Turning to the charges leveled by Plesner and Hasson, Rotem said they “gave in to the Reform and Conservative movements and voted against our bills,” and in so doing “abandoned the IDF soldiers and chose instead to curry favor with those two movements.”

“Israel Beiteinu’s conversion bill would ground the current system of IDF conversions in law, and also ensure that conversions will not be able to be canceled,” he said. “But Kadima, out of populist motives, attacked the bill. We, on the other hand, will [address] the problem, not through populism but by actually solving it.”
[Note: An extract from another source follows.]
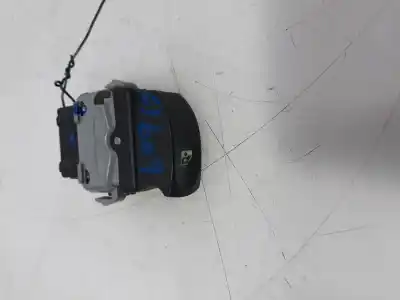 Peça sobressalente para automóvel em segunda mão botão / interruptor elevador vidro traseiro direito por renault clio iii yahoo referências oem iam 214936b  214936b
Plesner said Rotem’s bill would only strengthen the Chief Rabbinate. Legislation that could be advanced, he said, would oblige the rabbinate to recognize the special religious court established by the IDF.

The IDF has argued that it always acts with the agreement of the Chief Rabbinate, but Gnessin’s reported comments seem to indicate that the rabbinate has other ideas, and both inside and outside the Knesset, reactions poured in on Tuesday over her remarks.

Jewish Agency Chairman Natan Sharansky called her comments “negligent and irresponsible.”

“The conversion of IDF soldiers in the framework of the IDF Chaplaincy’s Nativ program is a completely valid conversion approved by Rabbi Haim Druckman,” Sharansky said. “Nativ is the biggest achievement of conversion efforts in Israel and the Jewish Agency will continue to support it together with the government.”

Rabbi Gilad Kariv, the head of the Israel Reform movement and a past director of the Israel Religious Action Center, its litigation arm, was irate over Gnessin’s statements and said they illustrated Israel’s abandonment of soldiers who seek to officially join the fold of Judaism.

“For over 20 years, the state prosecutor has provided a tailwind for the extreme and severe approach of rabbinical establishment officials who refuse to recognize the Jewish and Zionist challenge in opening the gates of Judaism to olim,” Kariv said. “The doubt cast by the government representative regarding the conversion of male and female soldiers sent by the same government to serve in the army is another stage in the despicable saga of the conversion crisis.”

Rabbi Uri Regev, the head of Hiddush – For Religious Freedom and Equality, said that “the state’s position is undoubtedly scandalous, and we must battle it. But together with that, my opinion is that the solution is not to force, through the court system, modern Orthodox judges and haredi municipal rabbis to accept conversions they view as unacceptable. The solution is to eliminate the monopoly that the state affords the Orthodox rabbinate, which is increasingly more extreme.”